In a debate Mr. Perry is going to have to be more direct, his audience is not smart enough to get the reference and may think Mr. Perry is calling Mr. Romney a card cheat.  The Dismal Political Economist has a lot of problems with Mr. Romney but he does not think Mr. Romney cheats at cards.

The next Special Election for a House seat won’t take place until January 2012.  The election will be held in an Oregon District that is heavily Democratic and it is almost impossible for the Democrats to lose that seat.  Not too worry though, a Democratic spokesperson said “we have beaten even greater odds than that before, don’t sell us short, that’s the voter’s job”.

Blue Dog Democrats is a name given to the moderately conservative House members who are listed as Democrats but whose voting districts are sufficiently conservative that they themselves have to be more conservative than the typical Democratic House member.

Anyway the group has just announced a new head for their PAC.  The gentleman in charge is a former senior adviser to Blue Dog leader Heath Shuler (D, NC).  Mr. Shuler himself has been gerrymandered into a heavily Republican District and is now the leading candidate to be named Ex-Congressman Shuler.  Mr. Shuler’s personal PAC is called “Third and Long” referring to Mr. Shuler’s famed career as a college quarterback.  Given the change in his district Mr. Shuler may soon be calling his PAC “Fourth and a Mile”.

Finally, Peggy Noonan, the favorite of anyone who has to read the editorial pages of the Wall Street Journal has an incisive look at the Democratic defeat in the New York’s 9th Congressional District.  Unlike other writers, she eschews the local politics of the loss and blames it on national issues, specifically the failures of the Obama Administration.

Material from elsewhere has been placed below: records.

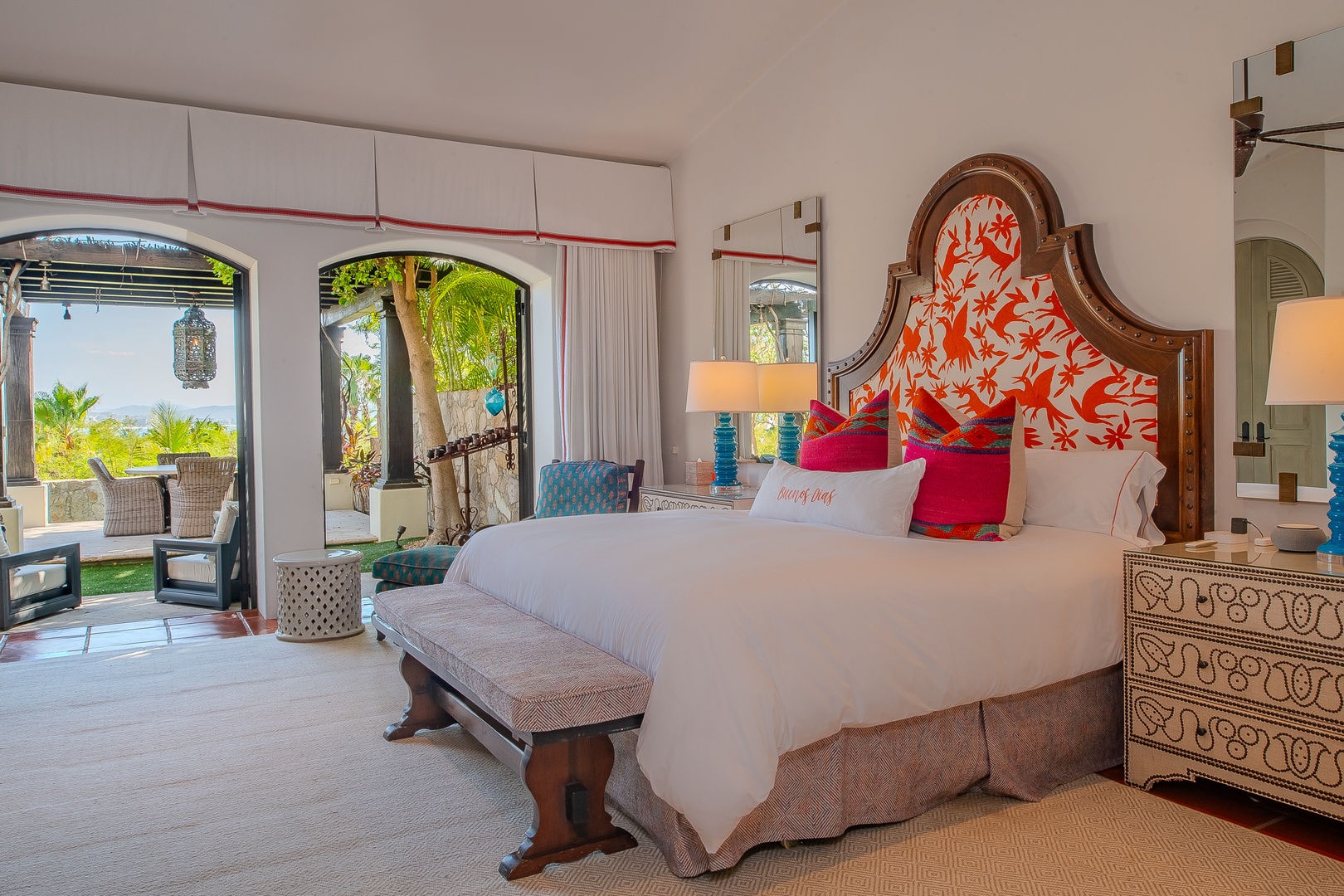 Unwind in your elegant bedroom where tropical breezes meet vibrant design. Wake to garden views through arched doors, relax on plush seating, and sink into crisp linens.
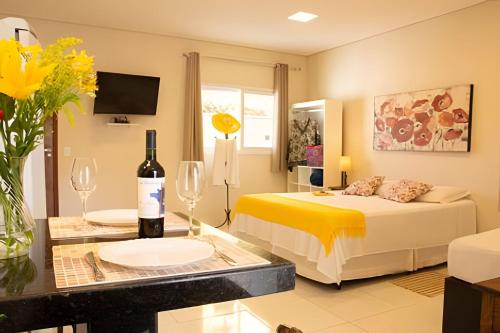 a bedroom with a bed and a table with a bottle of wine at Flats Premium Jabaquara in Paraty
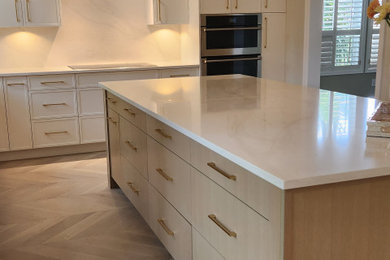 Example of a large transitional light wood floor and beige floor eat-in kitchen design in Other with a farmhouse sink, shaker cabinets, white cabinets, quartzite countertops, white backsplash, quartz backsplash, stainless steel appliances, an island and white countertops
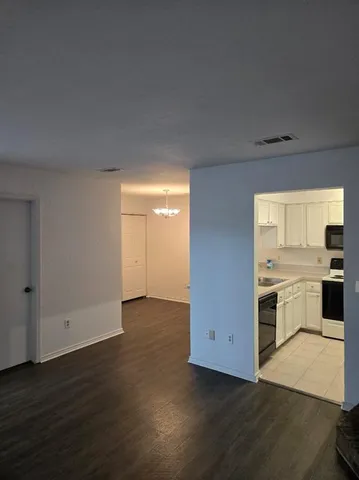 a view of a kitchen with wooden floor and a sink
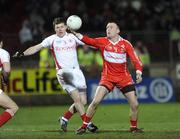28 March 2009; Paddy Bradley, Derry, in action against Conor Gormley, Tyrone. Allianz GAA NFL Division 1 Round 6, Healy Park, Omagh, Co. Tyrone. Picture credit: Oliver McVeigh / SPORTSFILE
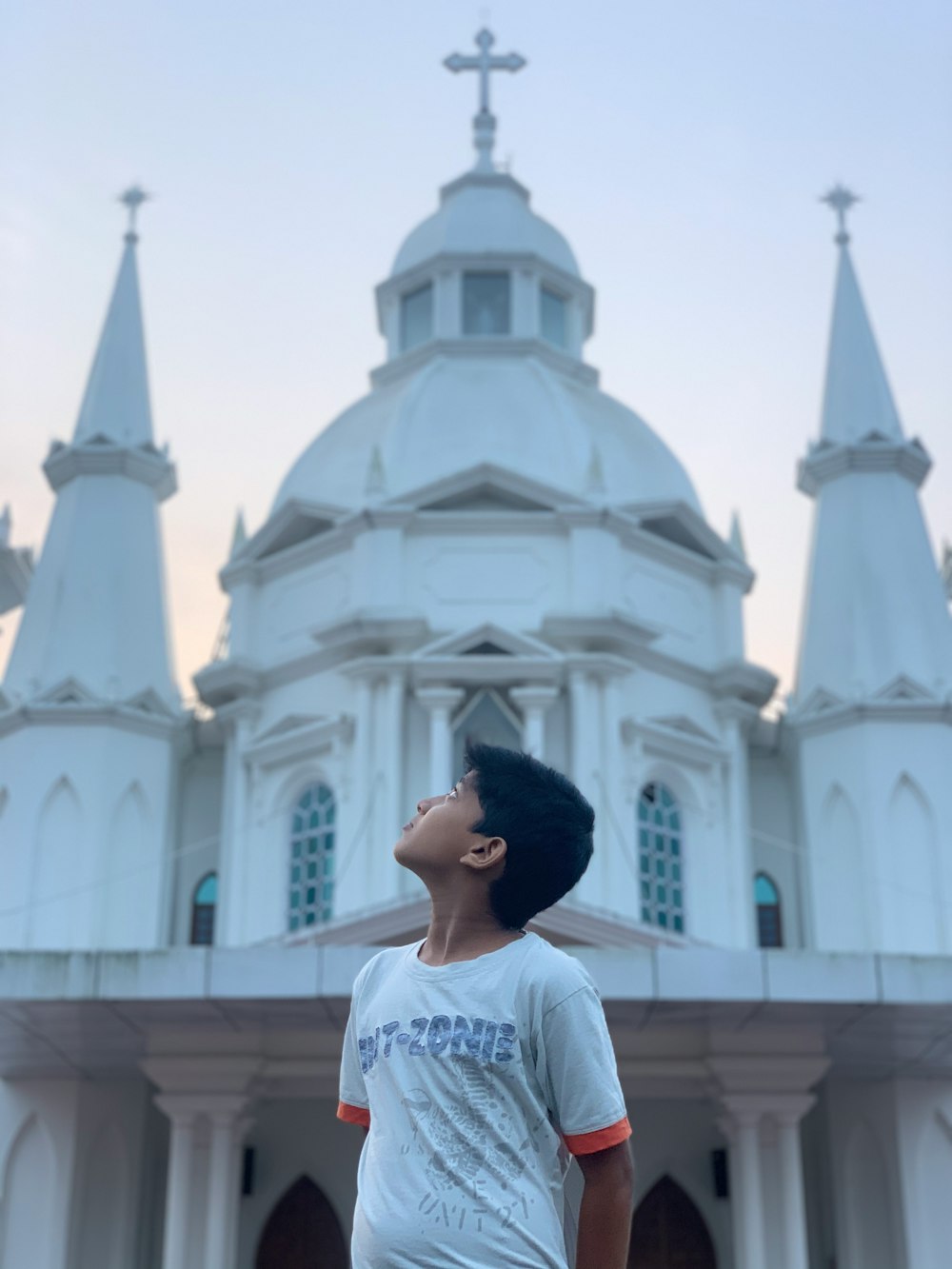 woman in white shirt standing near white cathedral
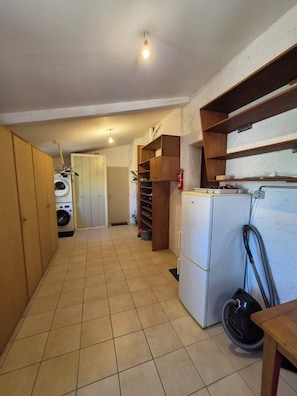 A compact kitchen with a washing machine, a refrigerator, and a vacuum cleaner. - Villa The Sylamston - The Waterfall Experience (Sillans-la-Cascade)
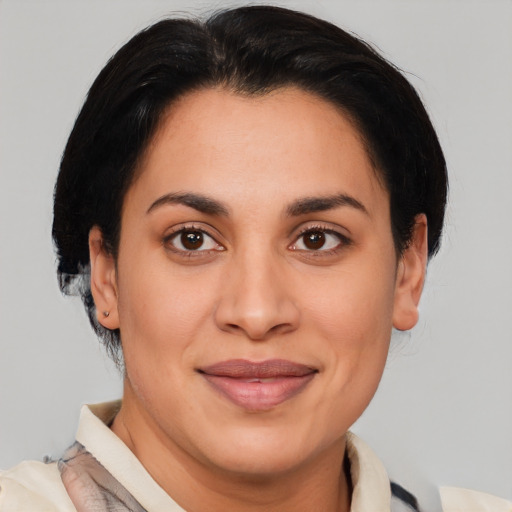 Joyful latino adult female with short  brown hair and brown eyes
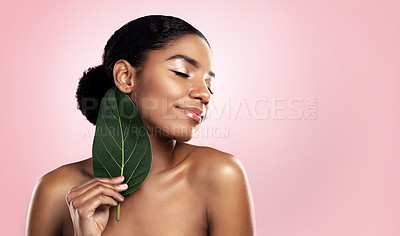 Buy stock photo Happy woman, leaf and natural beauty in studio, pink background and mockup for aesthetic cosmetics. Face, african model and skincare from plants, green leaves and sustainability of vegan dermatology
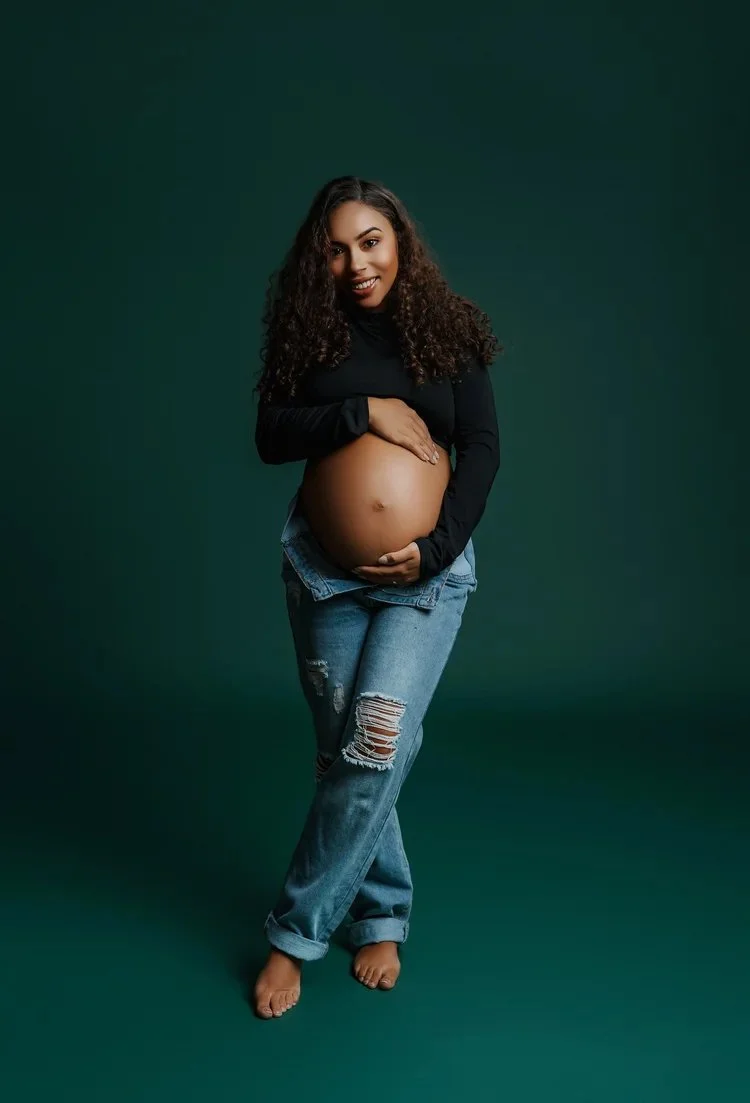 pregnant woman in brown dress photographed at kath evans photography studio talgarth brecon mid wales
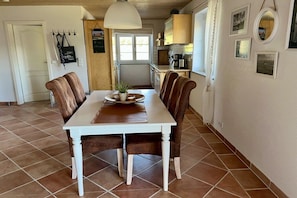 A dining area with a white table and brown chairs, a hanging light fixture, and a kitchen in the background. - 1 in the Walser country house (Wasserburg)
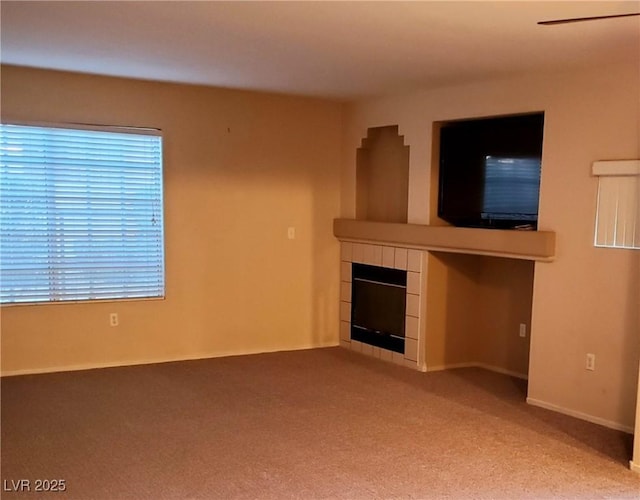 unfurnished living room with carpet flooring and a tile fireplace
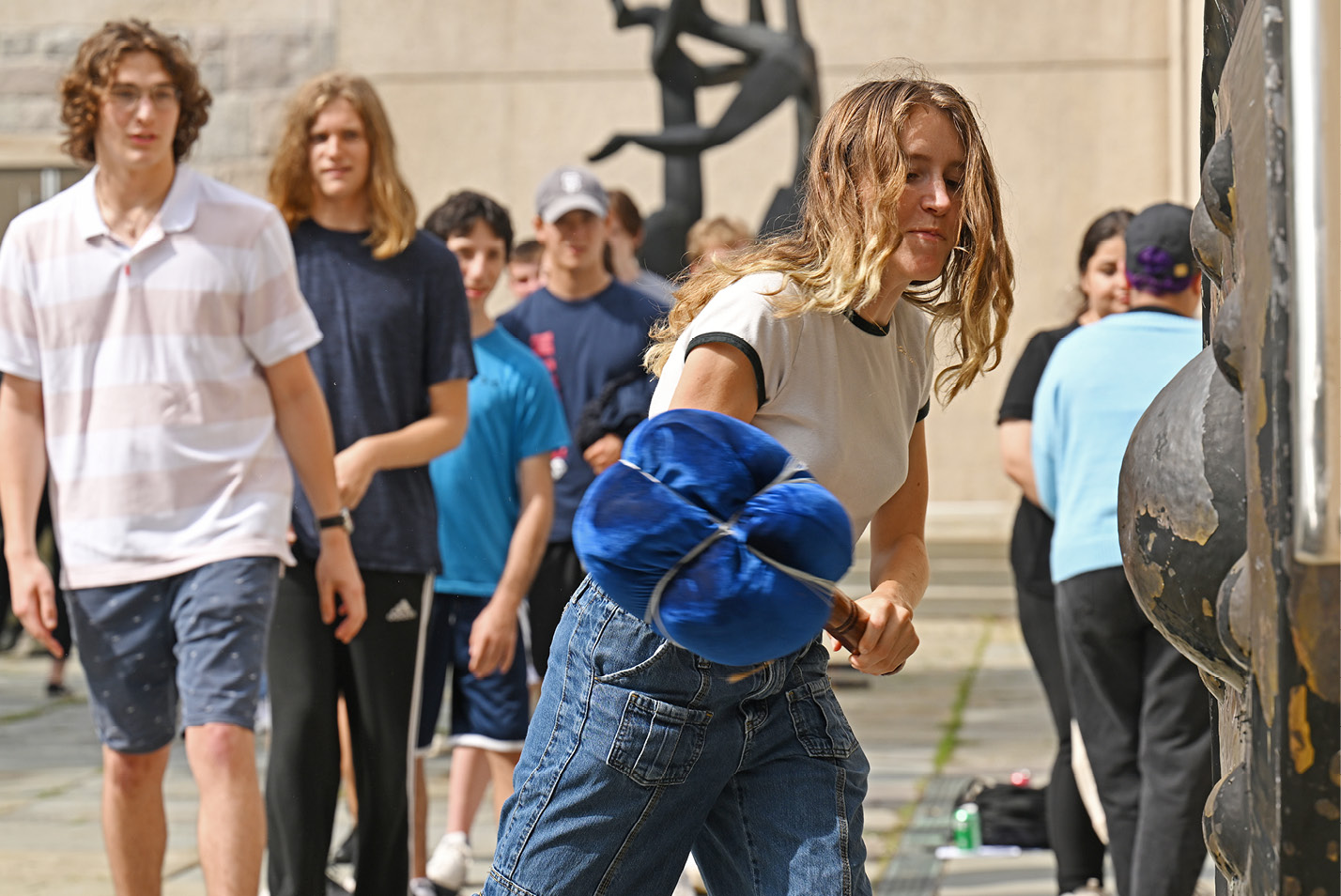 A female student rings the gong in Castle Court.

She may be right, but there is no way to tell.  One can find evidence for whatever position one wants to take.  The notable thing, the thing that makes Ms. Noonan stand out amongst the mediocrity of the WSJ’s opinion pieces is that she places country above politics, and unlike Karl Rove who was positively gleeful at the President’s problems and the results in the New York race, Ms. Noonan is sad.  Here is how she ends.

This is all so dire and critical that I will swerve and end with three things I've admired about the president since he entered the White House.

The first is that he has an intact, multigenerational family, a wife and kids and mother-in-law all living together in that big house. This is no doubt a source of strength for him, but it's also moving and impressive to see in a country ravaged by family breakup and fatherless—and sometimes motherless—children. . ..

The second is that he isn't mean. His staffers do snark and push-back, but they don't do targeted abuse, they don't seem to try to take down foes in a personal way, as administrations before them have. Credit goes to the president because it's always the boss who sets the tone. . . .

The third has been a relative absence of deep political scandal. It's been good not to have a Watergate, a Whitewater.

She does end with a warning about the $500 million loan to a solar panel company that went bad.  A telling statement about the status of the White House in the Fall of 2011 is that they are hoping the incident was just plain incompetence, and nothing more.